# WHAT YOU NEED TO DO
Write out each record below exactly, but not the pictures.
=== Begin Enclosure ===
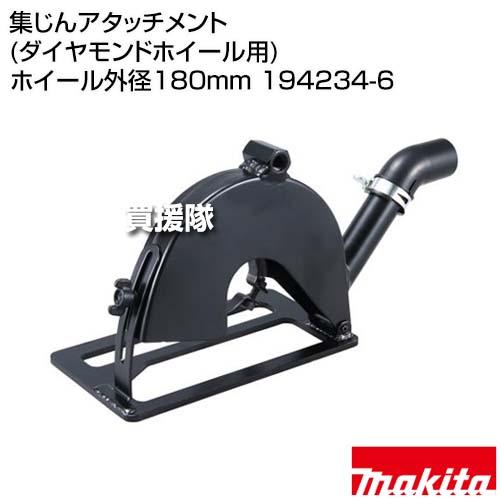 みかさん、専用!! マキタ（makita） （ポイント5倍）マキタ 集じんアタッチメント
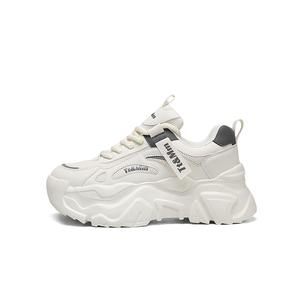 TT&MM Низкие массивные кроссовки унисекс бежевые, цвет Beige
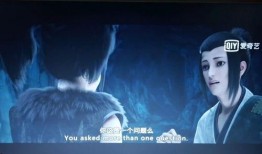 风语爱奇艺在线观看,爱奇艺独家上线，揭秘神秘风语世界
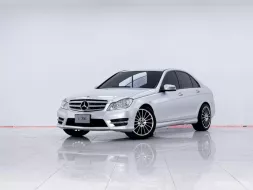 6A490 MERCEDES-BENZ C-CLASS C200 CGI W204 2013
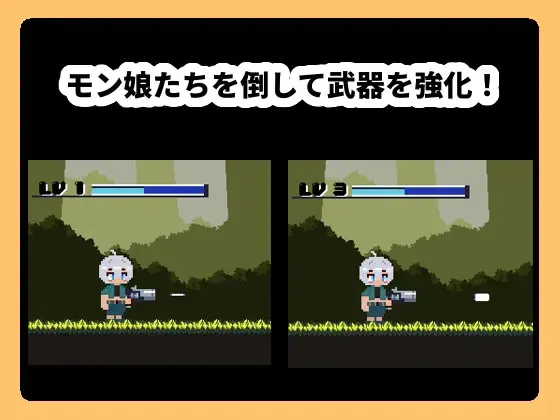 魔物娘克星 预览图 3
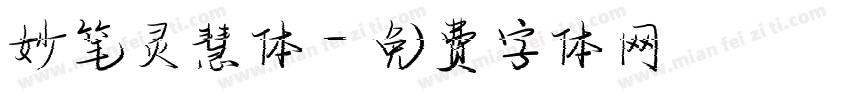 妙笔灵慧体字体转换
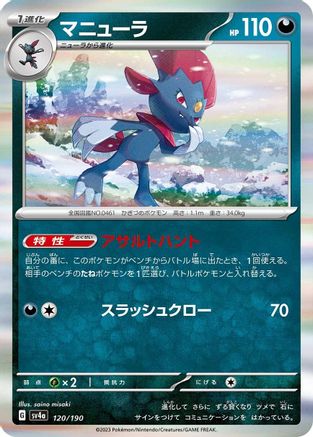 Weavile - 120/190 (120/190) [SV4a: Shiny Treasure ex] Holofoil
=== End Enclosure ===
# OUTPUT OF THE TASK
 みかさん、専用!! マキタ（makita） （ポイント5倍）マキタ 集じんアタッチメント
 TT&MM Низкие массивные кроссовки унисекс бежевые, цвет Beige
 风语爱奇艺在线观看,爱奇艺独家上线，揭秘神秘风语世界
 6A490 MERCEDES-BENZ C-CLASS C200 CGI W204 2013
 魔物娘克星 预览图 3
 妙笔灵慧体字体转换
 Weavile - 120/190 (120/190) [SV4a: Shiny Treasure ex] Holofoil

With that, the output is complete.